Evet, biz kapıya doğru yürüyüp protesto gösterileri yapıyorduk, slogan atıyorduk, onlar da biber gazı ve tazyikli su ile müdahale ediyorlardı. En az 2 kilometre alanda kimse nefes alamıyordu. Sizin gördüğünüz o ormanın içinde yaşayan aileler biber gazı atıldığında çocuklarını, kadınlarını bırakıp ölümden kaçıyordu, bize cehennemi yaşattılar. Geride kalan çocukları, yere düşen insanları Kızılay çadırlarına, ambulanslara taşıyorduk.
Avrupa’ya gitmek isteme sebebin neydi? Pandemi sürecinden sonra tekrar yola çıkmayı düşünüyor musun?
Ben kalabalık bir ailenin çocuğuyum. Çalışıp kazandığım para onlara yetmiyordu, elimde doğru düzgün resmi bir belgem yoktu, yasal olarak çalışamıyordum, hep kaçak çalışıyordum, kendimi geliştiremiyordum. Kuru bir ağaç gibi, ne meyvesi ne gölgesi olan bir ağaç gibi oksijen tüketerek yaşıyorduk. Fayda sağlayamıyordum ne bu ülkeye, ne aileme, ne kendime. O yüzden gideyim, Avrupa’da çalışayım, para yollayım aileme, küçük kardeşlerim okusun, biz bir şey olamadık onlar olsun diye gittik ama olmadı.. Salgından sonra da tekrar gitme gücümüz kalmadı, Yunanistan her şeyimizi aldı, gidersek tekrar aynı şeyleri yaşamaya cesaretimiz yok. Biz Avrupa’yı küçükken de hayal ediyorduk, biri bir çiçeği ezse şehir yasa boğulur veya hayvana araba çarpsa halk sokağa çıkar diye biliyorduk ama gittiğimizde gördük ki insan canı ne kadar önemsizmiş.. Yunanistan’da kaldığımız ilk gün köy halkının faşist yaklaşımı ile karşılaştık, yanımızdaki bebeklere süt almak için köyün bakkalına girdik, paranızı da almam sütü de vermem dedi, buraya gelmeyin diye bağırdılar. Köy halkı, geri dönün sizi burada istemiyoruz, neden geldiniz gibi sorular sordular.

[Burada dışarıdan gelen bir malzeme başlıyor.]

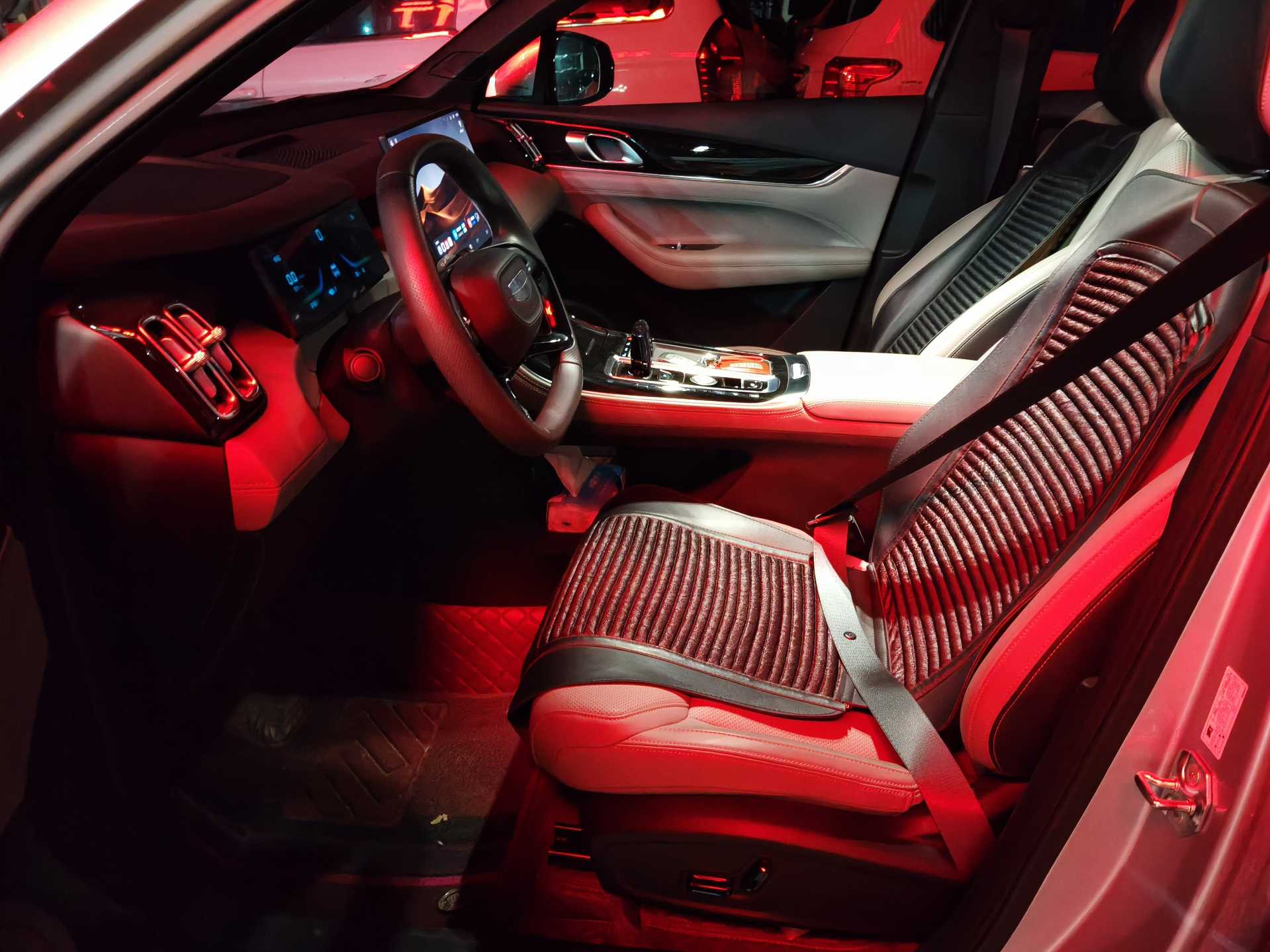 GEELY Boyue L 2026 #7 GEELY Boyue L 2026 صورة سيارة #7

Türkiye hakkında ne düşünüyorsun?
Biz yıllardır Türkiye'de yaşıyoruz ve seviyoruz. İnsanlar ve devlet bize sahip çıkıyordu, ama biz kendi ayaklarımız üzerinde durmak istedik. İkametimiz olsaydı, çalışma iznimiz olsaydı ayrılmak istemezdik. Ama şöyle özetlemek isterim, dünya bir bina gibi ve Türkiye o binanın ışığı yanık tek katı. Gittik, dayak yedik geri döndük, bize yine sahip çıkan Türkiye’ydi. Salgın ortaya çıkınca bizleri yurtlara, kamplara yerleştirdi, 25 güne yakın misafir etti ve sonra Türkiye’de yaşamaya devam etmemize izin verdiler.
Edirne’de kamplara götürüldünüz, orada hiç hastalanıp hastaneye kaldırılan veya korona teşhisi konulan bir göçmen oldu mu?
Hayır, biz Malatya’da 23-24 gün kaldık ve hiç virüse yakalanan çıkmadı, diğer kamplarda da arkadaşlarım var, oralarda da hiç çıkmamış. Sadece sınırda doğan bir bebek vardı, doğduktan sonra zehirli gaza maruz kaldığı için ciğerleri ciddi hasar görmüş ve Ankara’da bir hastanede tedavi görüyorlarmış, en son konuştuğumda hayati riskinin geçtiğini öğrendim çok şükür.